On Wednesday night, several people involved in the the QAP hosted a discussion over Zoom to discuss the journey behind this initiative. Panelists included Women, Gender and Sexuality Studies professor Mary Armstrong, college archivist Elaine Stomber and two alumni who have shared their stories with the QAP.
Armstrong explained that the initial preparations for the project began in 2013, as part of the college’s first LGBTQ+ Studies class titled “Sexuality Studies,” which she taught. In the class, students began to engage with Lafayette’s queer history by researching and building an archive on this previously neglected piece of Lafayette’s past.
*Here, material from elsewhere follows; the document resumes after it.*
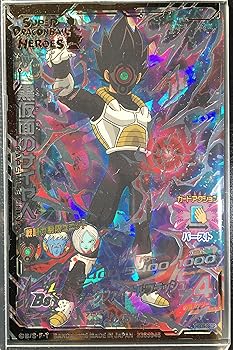 y*u様 仮面のサイヤ人 HGD1-SEC2 LC HGD1-SEC2 LC 仮面のサイヤ人 UR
In 2016, the project developed into an oral history undertaking with an increasing number of interviews with alumni and shared stories regarding their experience as an LGBTQ+ identifying student during their Lafayette years.
Following a brief overview of the origin of the QAP, Armstrong passed the virtual microphone to Stomber, who gave her audience a tour of the QAP websites and archives. Subsequently, the panelists opened the floor for questions and comments from the audience.
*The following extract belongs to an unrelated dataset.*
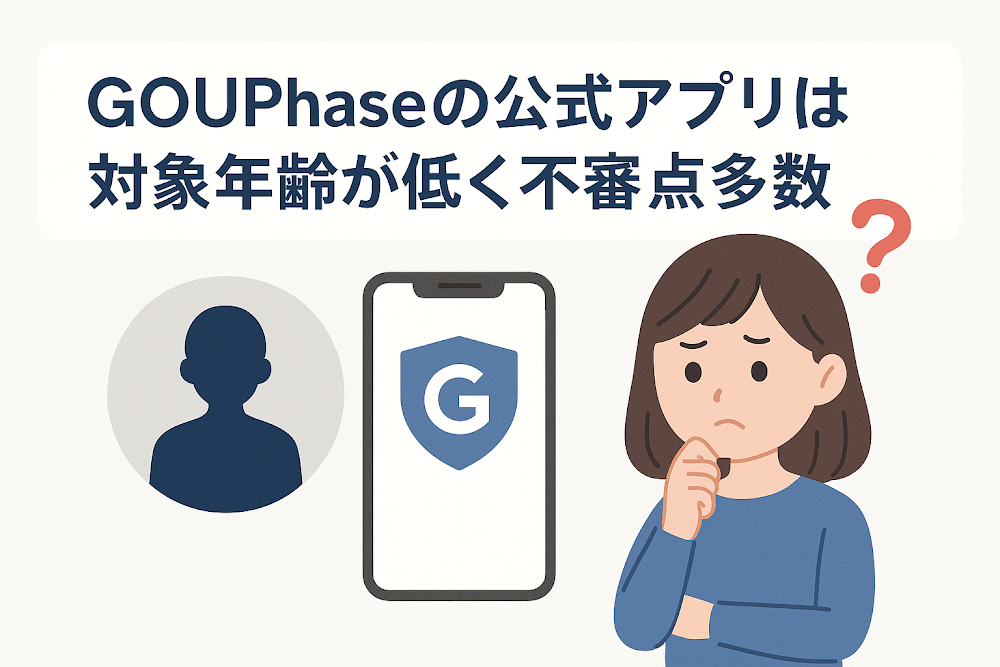 GOUPhaseの公式アプリは対象年齢が低く不審点多数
The first question was directed towards the alumni panelists: “Why did you share your story? How has the QAP or representation in general impacted your relationship with Lafayette College?”
Leah Wasacz ’16 said that in 2015, around the time when she came out as transgender, more people were being introduced to terminology regarding the LGBTQ+ community, and she felt that “capturing that time period of people learning was important.”
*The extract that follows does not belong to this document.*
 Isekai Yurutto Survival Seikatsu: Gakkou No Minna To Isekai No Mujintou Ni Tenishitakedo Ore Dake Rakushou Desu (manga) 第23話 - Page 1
“It has been really great to come back [to Lafayette] every time there is a talk about the Queer Archives Project…and be able to meet new students and see old students succeed…it has been a blessing,” Wasacz added.
Stephen Parahus ’84 said that his interview for the QAP was a part of his new year’s resolution of a year of “yes.”
“I really felt there was almost a cathartic dimension to this, where I could revisit and reprocess who I was and how I felt relative to the culture in which I lived,” Parahus said. “But, from the perspective of now, I look at a more gay-friendly, gay-accepting world, and I can better understand when I look back at what my life was in Lafayette. My life was really good. It just wasn’t very gay.”
Parahus noted that the question of “how if felt to be queer in the 1980s” was not relevant, as the word “queer” did not even exist other than as a highly pejorative statement.
“So, the concept of what it meant to be a queer person technically had no meaning in the 1980s. But, in the 1980s, there was a benign invisibility. Lafayette was highly heteronormative. Gay was not good or bad, it just wasn’t,” Parahus said.
Commenting on structural backing and what steps the college could take to provide institutional support for everyone, Wasacz noted, “Inside clubs and classrooms, as a club leader or a teacher, when someone with authority can stand empowered and say ‘this person has talked to me and I want everybody to be respectful’, that can really help.”